**Exercise**
Look below for the lines from the one with "Sac fourre-tout vintage" to the one with "Inflatable Airplane Footrest", and copy exactly those lines, both ends included.

[Saved data entries]
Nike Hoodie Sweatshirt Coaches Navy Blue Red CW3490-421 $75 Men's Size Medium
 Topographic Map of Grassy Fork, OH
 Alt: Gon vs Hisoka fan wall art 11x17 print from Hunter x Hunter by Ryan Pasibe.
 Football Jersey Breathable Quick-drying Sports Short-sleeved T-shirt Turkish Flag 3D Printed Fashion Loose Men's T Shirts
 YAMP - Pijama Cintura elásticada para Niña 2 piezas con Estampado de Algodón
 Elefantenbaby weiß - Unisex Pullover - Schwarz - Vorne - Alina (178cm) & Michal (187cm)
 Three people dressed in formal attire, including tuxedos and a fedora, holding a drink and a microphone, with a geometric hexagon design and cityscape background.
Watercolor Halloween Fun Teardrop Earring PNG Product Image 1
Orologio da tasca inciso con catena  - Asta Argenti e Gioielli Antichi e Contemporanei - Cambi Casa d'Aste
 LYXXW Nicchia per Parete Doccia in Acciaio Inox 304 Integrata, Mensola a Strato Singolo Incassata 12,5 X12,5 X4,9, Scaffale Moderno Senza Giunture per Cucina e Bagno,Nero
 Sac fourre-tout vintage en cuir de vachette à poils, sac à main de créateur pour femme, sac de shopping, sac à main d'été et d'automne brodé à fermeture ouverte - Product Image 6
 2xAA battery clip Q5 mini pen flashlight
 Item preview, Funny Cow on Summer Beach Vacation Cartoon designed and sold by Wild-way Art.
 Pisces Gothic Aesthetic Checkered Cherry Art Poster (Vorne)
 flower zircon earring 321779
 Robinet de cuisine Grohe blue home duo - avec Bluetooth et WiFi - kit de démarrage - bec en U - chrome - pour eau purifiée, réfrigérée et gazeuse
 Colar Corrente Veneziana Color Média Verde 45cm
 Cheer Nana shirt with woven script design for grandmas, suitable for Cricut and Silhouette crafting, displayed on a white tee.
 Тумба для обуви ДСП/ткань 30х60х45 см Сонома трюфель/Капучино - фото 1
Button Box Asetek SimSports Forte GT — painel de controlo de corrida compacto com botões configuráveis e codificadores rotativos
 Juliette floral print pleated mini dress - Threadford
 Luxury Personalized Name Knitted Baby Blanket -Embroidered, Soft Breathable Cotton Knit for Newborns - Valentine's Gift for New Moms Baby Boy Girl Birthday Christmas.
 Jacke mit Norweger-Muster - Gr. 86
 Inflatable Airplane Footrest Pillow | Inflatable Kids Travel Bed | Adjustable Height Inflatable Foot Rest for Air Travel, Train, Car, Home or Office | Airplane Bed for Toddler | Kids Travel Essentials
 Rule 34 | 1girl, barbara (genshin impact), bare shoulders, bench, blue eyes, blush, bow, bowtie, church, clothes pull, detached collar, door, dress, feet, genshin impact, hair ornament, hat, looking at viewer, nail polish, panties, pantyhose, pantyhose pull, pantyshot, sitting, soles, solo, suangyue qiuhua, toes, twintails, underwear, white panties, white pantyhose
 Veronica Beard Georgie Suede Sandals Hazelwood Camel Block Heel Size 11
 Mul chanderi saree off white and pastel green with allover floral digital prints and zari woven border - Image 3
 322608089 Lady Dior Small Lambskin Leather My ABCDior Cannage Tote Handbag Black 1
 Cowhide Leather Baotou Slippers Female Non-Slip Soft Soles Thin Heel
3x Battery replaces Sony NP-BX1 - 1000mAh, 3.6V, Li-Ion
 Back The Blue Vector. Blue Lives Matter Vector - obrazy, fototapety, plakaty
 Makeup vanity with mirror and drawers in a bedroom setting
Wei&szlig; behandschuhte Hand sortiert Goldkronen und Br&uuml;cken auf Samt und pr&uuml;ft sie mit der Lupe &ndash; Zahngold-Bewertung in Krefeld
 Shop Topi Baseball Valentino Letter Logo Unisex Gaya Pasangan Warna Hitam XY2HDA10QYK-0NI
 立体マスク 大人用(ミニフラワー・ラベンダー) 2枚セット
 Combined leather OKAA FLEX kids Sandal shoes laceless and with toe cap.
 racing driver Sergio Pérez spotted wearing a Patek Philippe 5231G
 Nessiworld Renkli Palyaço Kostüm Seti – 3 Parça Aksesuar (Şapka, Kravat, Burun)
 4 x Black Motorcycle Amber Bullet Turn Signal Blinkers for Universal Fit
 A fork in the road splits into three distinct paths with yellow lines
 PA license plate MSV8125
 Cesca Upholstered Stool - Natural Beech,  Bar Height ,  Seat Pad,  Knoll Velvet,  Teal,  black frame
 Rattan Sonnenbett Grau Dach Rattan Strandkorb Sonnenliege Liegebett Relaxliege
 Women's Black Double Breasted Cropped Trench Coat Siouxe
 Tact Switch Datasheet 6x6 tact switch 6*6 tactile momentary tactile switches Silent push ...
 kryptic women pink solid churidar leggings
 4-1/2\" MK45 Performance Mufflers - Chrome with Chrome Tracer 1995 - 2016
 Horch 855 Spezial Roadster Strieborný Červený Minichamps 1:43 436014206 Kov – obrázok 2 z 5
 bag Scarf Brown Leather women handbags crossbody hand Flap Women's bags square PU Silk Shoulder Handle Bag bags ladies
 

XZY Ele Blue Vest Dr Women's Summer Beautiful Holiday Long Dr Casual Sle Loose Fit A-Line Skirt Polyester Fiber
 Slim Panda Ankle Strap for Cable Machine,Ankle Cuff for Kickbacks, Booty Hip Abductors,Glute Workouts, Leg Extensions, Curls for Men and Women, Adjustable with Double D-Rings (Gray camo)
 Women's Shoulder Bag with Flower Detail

**Your response**
 Sac fourre-tout vintage en cuir de vachette à poils, sac à main de créateur pour femme, sac de shopping, sac à main d'été et d'automne brodé à fermeture ouverte - Product Image 6
 2xAA battery clip Q5 mini pen flashlight
 Item preview, Funny Cow on Summer Beach Vacation Cartoon designed and sold by Wild-way Art.
 Pisces Gothic Aesthetic Checkered Cherry Art Poster (Vorne)
 flower zircon earring 321779
 Robinet de cuisine Grohe blue home duo - avec Bluetooth et WiFi - kit de démarrage - bec en U - chrome - pour eau purifiée, réfrigérée et gazeuse
 Colar Corrente Veneziana Color Média Verde 45cm
 Cheer Nana shirt with woven script design for grandmas, suitable for Cricut and Silhouette crafting, displayed on a white tee.
 Тумба для обуви ДСП/ткань 30х60х45 см Сонома трюфель/Капучино - фото 1
Button Box Asetek SimSports Forte GT — painel de controlo de corrida compacto com botões configuráveis e codificadores rotativos
 Juliette floral print pleated mini dress - Threadford
 Luxury Personalized Name Knitted Baby Blanket -Embroidered, Soft Breathable Cotton Knit for Newborns - Valentine's Gift for New Moms Baby Boy Girl Birthday Christmas.
 Jacke mit Norweger-Muster - Gr. 86
 Inflatable Airplane Footrest Pillow | Inflatable Kids Travel Bed | Adjustable Height Inflatable Foot Rest for Air Travel, Train, Car, Home or Office | Airplane Bed for Toddler | Kids Travel Essentials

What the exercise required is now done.